Tokat'ta Osmanlı izleri! Osmanlı valisinden duygu yüklü dizeler...
Osmanlı valisinin eşinin ölümü üzerine kaleme aldığı duygu yüklü şiir neden Tokat'ta sergileniyor. Şiirin yazılış hikayesi ve diğer detaylar haberimizde....
Haberin Eklenme Tarihi: 2.09.2024 14:58:00 - Güncelleme Tarihi: 2.09.2024 14:58:00Osmanlı dönemi valilerinden Ahmet Muammer Paşa'nın vefat eden eşine yazdığı şiirin nakşedildiği taş sanduka, Tokat Müzesi'nde sergileniyor.
Osmanlı'nın son Sivas valilerinden, 1913-1917 yıllarında görev yapan Ahmet Muammer Paşa, o dönem Sivas'a bağlı olması dolayısıyla eşi Faika Hanım ile bir süre Tokat'ta yaşadı.

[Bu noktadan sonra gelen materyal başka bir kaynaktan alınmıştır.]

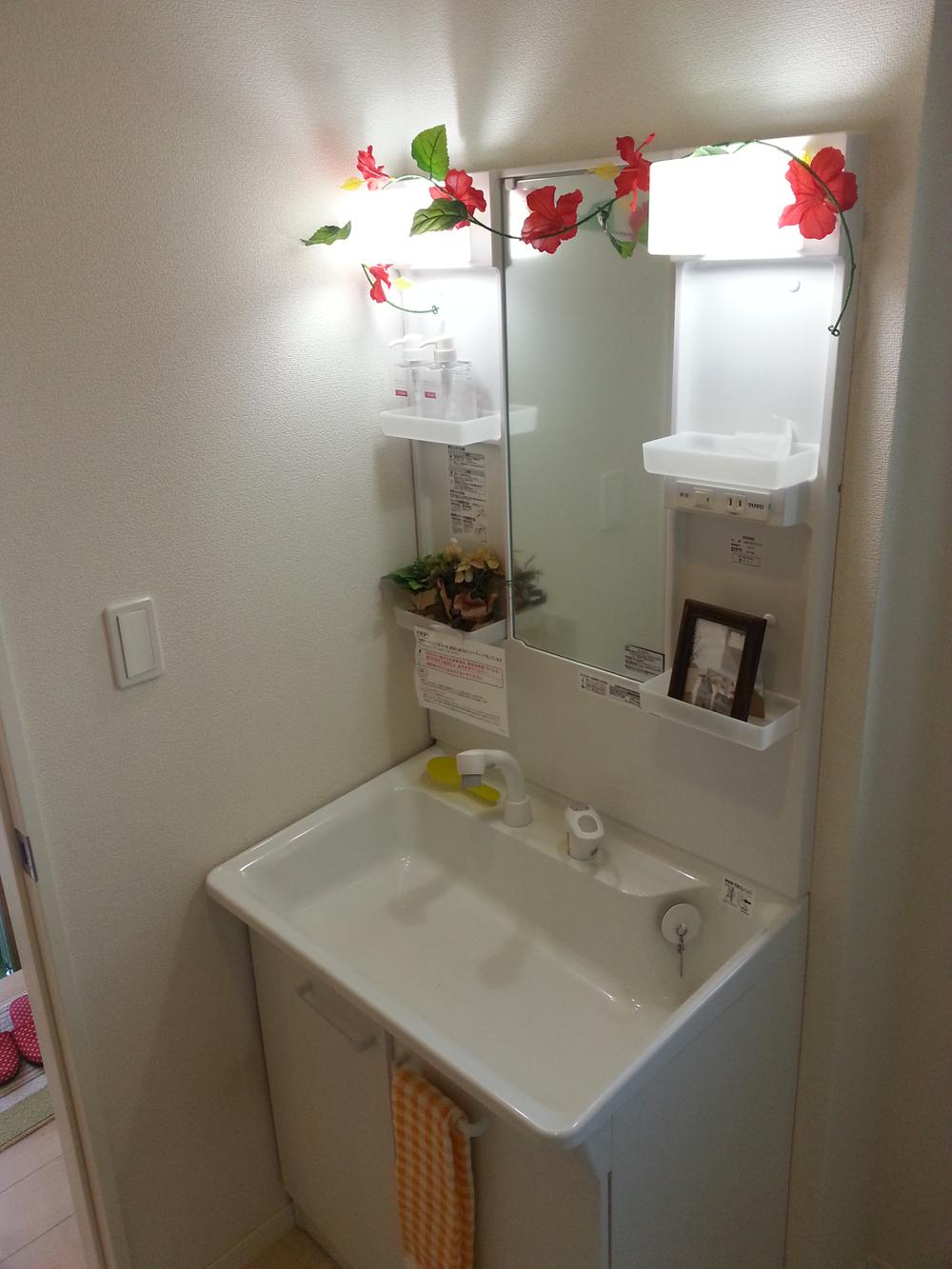 Same specifications photos (Other introspection)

Yakalandığı verem hastalığı nedeniyle 1913'te vefat eden Faika Hanım'ın cenazesi, Tokat'ta defnedildi.
Eşinin vefatına çok üzülen vali, dönemin hattatlarından Fahri Bey'e eşinin mezarına konulacak sandukanın üzerine Osmanlıca üç kıtadan oluşan, kendi yazdığı şiiri nakşettirdi.
Bu şiir ve mezar taşı şu an Tokat Müzesi'nde sergileniyor.

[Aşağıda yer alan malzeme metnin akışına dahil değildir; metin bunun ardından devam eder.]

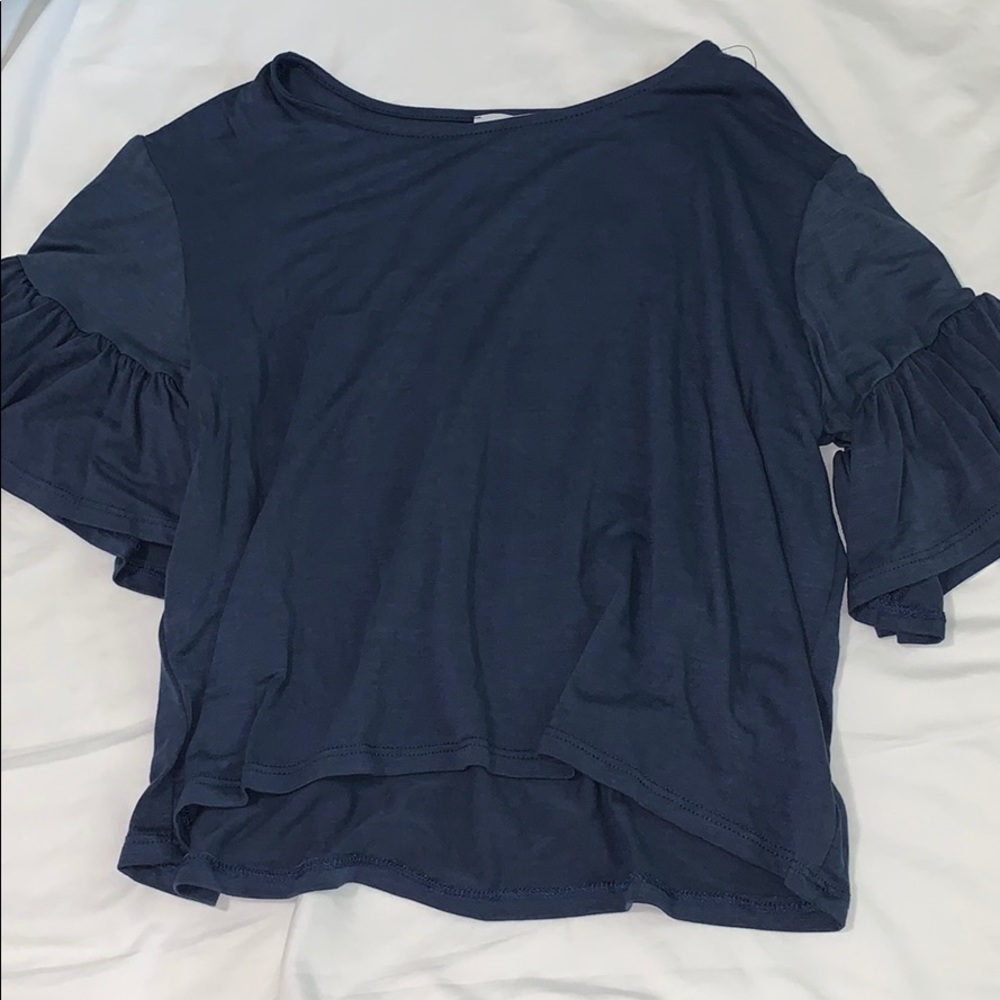 Cute blue ruffle sleeve top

Türk kültürünün tarihine yapılan derin yolculuk... Dünyaya tanıttılar!
DÖRT FARKLI DÖNEME AİT ESER BULUNUYOR!
Tokat Belediyesi Şehir Müzesinde görevli sanat tarihçisi Mesut Güneş, AA muhabirine, müzenin avlu kısmında Roma, Helenistik, Anadolu Selçuklu ve Osmanlı dönemlerine ait mezar taşları ve sandukaların bulunduğunu söyledi.
Sandukalar ve mezar taşları arasında en çok dikkati çekenin Faika Hanım'a ait sanduka olduğunu belirten Güneş, "Sandukanın etrafına işlenen yazı son derece önemli bir eser. Bu yazı, Osmanlı yazı sanatı ve taş işçiliğinin ne kadar gelişmiş olduğunu gösteriyor. Bu açıdan da önemlidir." dedi.
Ahmet Muammer Paşa'nın eşine çok bağlı olduğunu vurgulayan Güneş, "Eşi için çok güzel bir şiir de kaleme almış. Bu şiir, mezar taşının üzerinde, sandukanın etrafında yer almakta. Bu eser, Hindistan'da Babür Kralı'nın eşi için yaptırmış olduğu Tac Mahal'i akıllara getirmektedir. Tabii onun kadar abidevi değildir ama özellik bakımından eşleri için yapılmıştır." ifadesini kullandı.
AHMET MUAMMER PAŞA'NIN EŞİNE ŞİİRİ
"Ey tenha Türk kadını, hayatımın yoldaşı
Sen mi varsın altında kaldırırsam bu taşı
Yok sen yoksun, cismin var zulmet dolu bu yerde
Sen bir ruhsun, gülersin yıldızlarla göklerde.
Ay doğdukça ruhunu hissettirir bu yerler
Söyler benim hüznümü ağladıkça bülbüller
Ruhun gibi muazzez hatıralar bıraktın
Milletine İskender, Demir, Yaşar bıraktın.
... milli yolu senden bize örnektir
Onda çarpar yüreğin, sen ölmedin demektir
Artık şenim Faikam, layık değil gözyaşı
Fatiha'yla okusun, gelip geçen bu taşı."